Vansittart est, ainsi, en dehors du corps régulier des fonctionnaires. Il ne remplace, en cas d’absence, ni le Secrétaire d’Etat, ni le Sous-Secrétaire permanent. Il a son bureau et son personnel à lui et étudie les questions qui lui sont confiées par Lord Halifax ou le Premier Ministre, ou par le Cabinet à la demande de l’un des Ministres de la Couronne.
On a prétendu à un certain moment qu’il était mis à l’écart et que son influence s’évanouissait. Je ne le crois pas.
Il reçoit les Ambassadeurs et Ministres quand ils désirent le voir et discute avec eux les questions qui les intéressent. Mais il ne s’occupe pas de la routine ni de la correspondance qui est la forme matérielle des affaires. Il ne signe pas de notes.
Il habite actuellement sa propriété à vingt milles de Londres et, vu les soucis internationaux du moment, il vient au moins trois fois par semaine travailler en ville.
J’ai profité de sa présence à Londres pour aller le voir. Il me semblait utile d’avoir son opinion quant à la situation et aux probabilités pour un avenir prochain et plus distant.
Vous n’êtes pas sans savoir que Sir Robert est un homme à vues très définies. Son orientation politique date des années de sa jeunesse et n’a jamais changé. De mère française, il possède autant la culture française que celle de son propre pays. Il n’a jamais eu de sympathie pour l’Allemagne, ni pour ceux qui lui paraissent subir l’influence germanique. Bien que Lady Vansittart et Lady Phipps, qui sont deux sœurs, soient à ce qu’on dit brouillées, cela n’empêche pas que les deux beaux-frères voient d’un même œil en politique.
Je lui ai dit ceci:
Mon contact avec les fonctionnaires supérieurs du Foreign Office ne me laisse pas de doute sur l’attitude officielle. On ne veut pas encourager le pessimisme. On se base vis-à-vis du public sur les faits purement matériels et on n’entre pas en matière quant aux impressions - qui varient nécessairement -, quant à la possibilité de chocs imprévus qui pourraient nous surprendre par le revirement subit d’une Chancellerie quelconque, quant aux problèmes de bonne foi, etc. Cependant, tout en admettant que les faits comptent en première ligne, l’impression produite par les développements et leur évolution probable n’est qu’à peine moins importante. Le Foreign Office doit avoir son idée arrêtée à ce sujet. Quelle est cette idée? - En ce qui me concerne, je vois dans l’état d’esprit et d’activité en Europe, une force qui fatalement, si cela continue ainsi, doit nous conduire à la guerre - pas cette année encore, ni peut-être la prochaine, mais par exemple en 1940. Je sais que beaucoup d’Anglais pensent comme moi (voir mon rapport d’hier), etc.

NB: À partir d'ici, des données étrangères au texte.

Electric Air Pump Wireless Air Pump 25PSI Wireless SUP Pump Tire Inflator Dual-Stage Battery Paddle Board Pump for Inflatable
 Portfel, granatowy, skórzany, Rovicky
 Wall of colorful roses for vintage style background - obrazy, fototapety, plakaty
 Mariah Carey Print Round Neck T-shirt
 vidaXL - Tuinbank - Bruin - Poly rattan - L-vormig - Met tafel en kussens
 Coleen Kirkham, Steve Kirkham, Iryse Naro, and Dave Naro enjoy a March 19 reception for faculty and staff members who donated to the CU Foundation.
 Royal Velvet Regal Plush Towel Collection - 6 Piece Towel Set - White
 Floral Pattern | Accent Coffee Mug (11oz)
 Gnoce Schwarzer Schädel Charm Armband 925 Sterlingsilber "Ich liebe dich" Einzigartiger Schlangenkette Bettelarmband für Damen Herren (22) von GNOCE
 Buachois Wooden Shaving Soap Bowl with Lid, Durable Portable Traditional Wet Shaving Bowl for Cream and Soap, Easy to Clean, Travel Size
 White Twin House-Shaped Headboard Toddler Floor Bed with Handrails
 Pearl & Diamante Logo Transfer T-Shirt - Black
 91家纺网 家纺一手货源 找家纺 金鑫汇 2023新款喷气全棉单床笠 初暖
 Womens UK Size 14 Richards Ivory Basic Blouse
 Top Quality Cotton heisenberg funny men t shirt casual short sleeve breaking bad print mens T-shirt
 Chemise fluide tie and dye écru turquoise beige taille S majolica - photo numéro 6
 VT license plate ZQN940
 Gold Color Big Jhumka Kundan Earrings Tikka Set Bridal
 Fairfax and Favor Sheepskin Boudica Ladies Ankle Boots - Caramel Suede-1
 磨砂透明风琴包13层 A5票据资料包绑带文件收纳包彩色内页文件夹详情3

Voici en résumé ce que je retiens des paroles de mon interlocuteur:
Franchement parler, la situation est mauvaise. Elle l’est d’autant plus qu’il n’est pas plus facile aujourd’hui qu’il y a six mois de savoir quelles sont les vraies intentions de ceux qui ne sont pas contents, en première ligne l’Allemagne.
Le point brûlant du moment est naturellement la Tchécoslovaquie. L’Allemagne désire-t-elle un arrangement pacifique ou non? C’est une question à laquelle il n’est pas possible de répondre en ce moment-ci. On verra plus clair dans deux ou trois semaines. Cela dépend des prétentions de Berlin; si elles dépassent les exigences qui peuvent raisonnablement être faites valoir à l’égard d’un Etat indépendant et affectent les nécessités d’existence de celui-ci, nous nous verrons en face d’une crise dangereuse très prochainement.
L’attitude de Berlin (les Sudètes eux-mêmes peuvent être laissés de côté en fait de facteur politique) ne semble pas faite pour nous rassurer beaucoup. Au contraire, depuis quelque temps on a l’air de pousser, dans le parti au moins, vers un conflit. On se fatigue à Londres et à Paris de la provocation de certains orateurs nazistes. La récente campagne violente contre Prague a fait une impression lugubre.
La «mission» Runciman a déplu à Berlin, cela devient évident. On y voit une entreprise uniquement au profit des Tchèques. Il fallait l’accepter parce qu’elle venait de Londres, et tandis qu’au début on faisait à peu près bonne mine à mauvais jeu, on parle maintenant plus franchement. Ceci n’est pas un bon signe.
Le caractère de la «mission» ne joue pas un grand rôle. Mais de fait, Lord Runciman n’est en mission ni officielle ni officieuse, mais personnelle. Il n’a à demander des instructions ou conseils à personne. Il reste juge de sa tâche. Ashton-Gwatkin et Stopford lui sont attachés et sont en même temps détachés de leur office. Jusqu’au jour de notre conversation, il n’y a eu aucune correspondance de Lord Runciman. Il fera un jour un rapport, mais il sera libre de le faire quand et comme il voudra.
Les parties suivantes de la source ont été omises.